Whispbar’s WB200 fork-mount roof rack is simple, elegant, quiet, and highly versatile, allowing for easy swaps between road and mountain bikes (even with thru-axles), easy locking, and a secure hold. In other words, it is just about everything one could ask for in a fork-mount roof rack.
It should be, given the price — a whopping $270 for each tray, and $450 for a pair of Flush Bar aerodynamically shaped crossbars. For reference, a Rocky Mounts Pitchfork tray is only $110, and Thule Paceline 527, an excellent mid-range option, is $200. Normal round or square crossbars can be had for well under $250.
So what do you get for the extra cash? Premium looks, for one thing. The design is sleek, curved to match the roof line of modern cars, and colors are subdued. The racks are no eyesore. On the right car they can even improve the look, applying the hint of rugged outdoorsiness. Like a carefully groomed beard for your roof, if you will, or perhaps some tailored flannel.

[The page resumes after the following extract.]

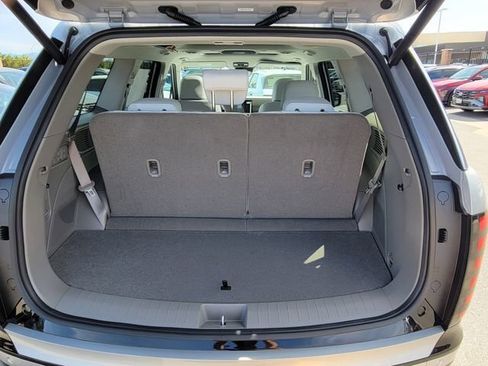 New 2026 Hyundai Palisade Limited image 24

Those sleek shapes aren’t all about good looks. The Flush Bar crossbars are aerodynamically shaped, which theoretically improves fuel efficiency and certainly decreases noise. The Whispbar racks do indeed live up to their name, staying almost completely silent even at highway speeds. Add a bike and you get some noise, of course, but that is unavoidable.
The WB200 is versatile, too, much more so than the less expensive options mentioned above. The fork mount can be easily swapped between standard 9mm quick release and 15mm thru-axle compatibility — simply pull the lockable quick release axle out of the rack head, flip a small switch, and voila, the rack is now ready for a 15mm thru-axle fork. The process takes less than 30 seconds, and is far easier than messing with adapters.

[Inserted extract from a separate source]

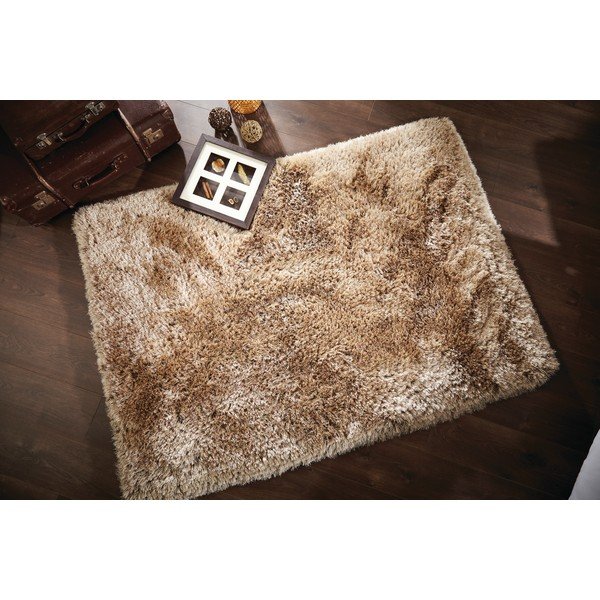 Kremna preproga Flair Rugs Pearl, 160 x 230 cm-image-3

Security is excellent; both the crossbars and trays can be locked in place, and both 9mm quick release and 15mm thru-axle bikes can be locked to the rack.
It should be noted that we tested the latest version of the WB200, which will hit shops in the next month or so. Whispbar’s first stab at the WB200 was not the company’s best work — the connection between the crossbars and the bike trays was poorly designed on the first set we received last fall, and the racks quickly developed a heinous rattle. The trays were never in danger of failing or falling off, but the noise was unbearable, as if a gnome was wailing on the roof with a tiny hammer. The latest version has solved this problem by improving the tray/crossbar interface.
If you’re driving a clunker, the Whispbar system is probably not a particularly attractive option. You pay a premium not only for the versatility and security, but also for the looks. But if you’ve spent serious cash on a car and don’t want to deface it with an ugly, bulbous rack system, the Whispbar is a fantastic option, perhaps the best combination of design chops and clever engineering on the market.